BASHIR: The First Lady has also-
MATTHEWS: And if you're going to ask if a person's a Christian, how about being one yourself in terms of your own behavior. And I don't think anyone thinks it's fair what happened this week. George F. Will, who I respect for his thinking, even if I don't agree with him, has a column coming out on Sunday, his syndicated column, and he has 500 newspapers he's in, George Will said, this is destroying the Republican Party. This weird kind of talking, this strange kind of behavior, where you have a good economic issue to fight. There is a concern about a serial decline in American hopes. There is great things to argue about. The whole industrial part of the country in the northern Great Lakes region is suffering badly. There's great issues to be raised. Instead they go back to the old nativist root, this old dark night of the soul thing that people worry about, a black man in a White House. And they start working on that. "Oh, he's a Mau Mau. He goes back to a Muslim background. Let's start working that old vein again, that good old nervous paranoid vein again" The fact that they're doing that makes you wonder why they're running.
BASHIR: But, Chris, they're not- But, Chris, they're not- Chris, they're not just stopping with him, are they?
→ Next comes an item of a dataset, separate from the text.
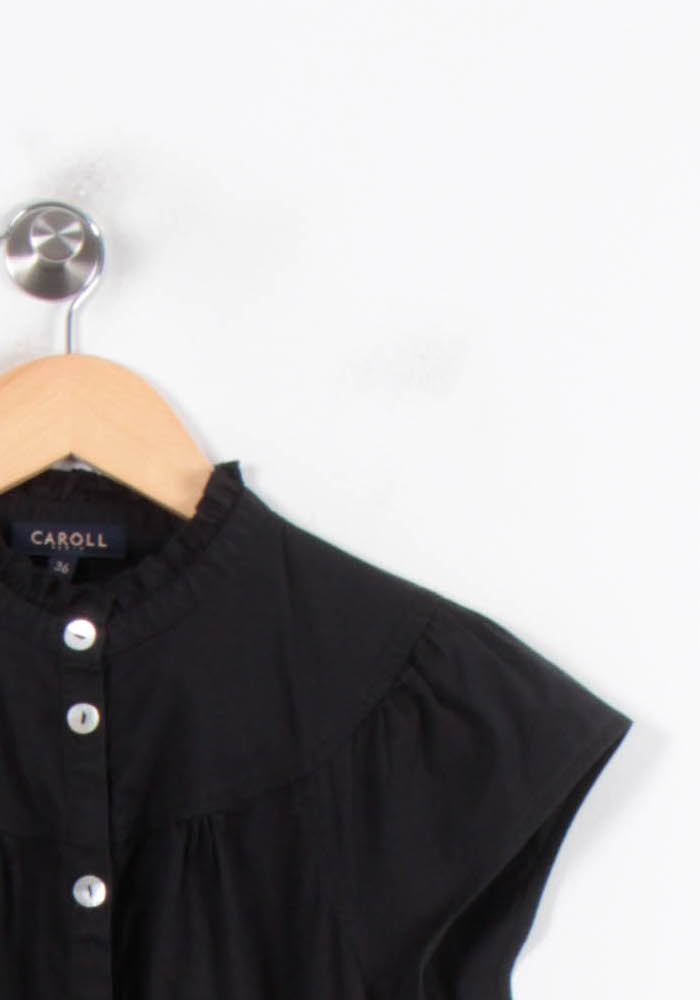 Robe Chemise Noire - Taille S/36 de la marque Caroll | PARAD80307 - Vendu par Paradigme - Image 3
Because they've gone for the First Lady as well, with individuals criticizing her choice of food for the White House Super Bowl party, suggesting she doesn't seem to be listening to her own campaign against obesity. Again, you said, in one of your commentaries you saw this as a malicious, ethnic attack. What did you mean by that?
MATTHEWS: Well, I think that- Let me just, first of all, make it clear: 80 percent of this country has behaved in this whole process of looking at Barack Obama, judging him as a possible president, beautifully. They have done it post-tribally. They have not said oh, he's got a name Hussein, his wife's African-American. They say, you know what? We need a hot hand. Just like when you pick a basketball player or a football player or any kind of person to perform, a CEO, you look for the person who might be the best at the job. That's so American. And they look at him and say, you know, he's a better bet than McCain. That's a simple fact. This guy's a better bet to bring this country back and lead us into the future than John McCain. There's nothing wrong with John McCain, except this guy's a better bet. That's a great, American way to chose. Who do you put in the game? The guy's that going to score the points. Who you going to put out to lead the country? He's the best bet right now, I think, personally, looking at field. There may be some other candidates that come along the way that grab my attention, but in all objective honesty, he's got some talent. He's been very useful.
BASHIR: Chris Matthews, Chris, I gotta draw you to a close, but that's the best pep talk I've heard for a long time. So, thank you so much.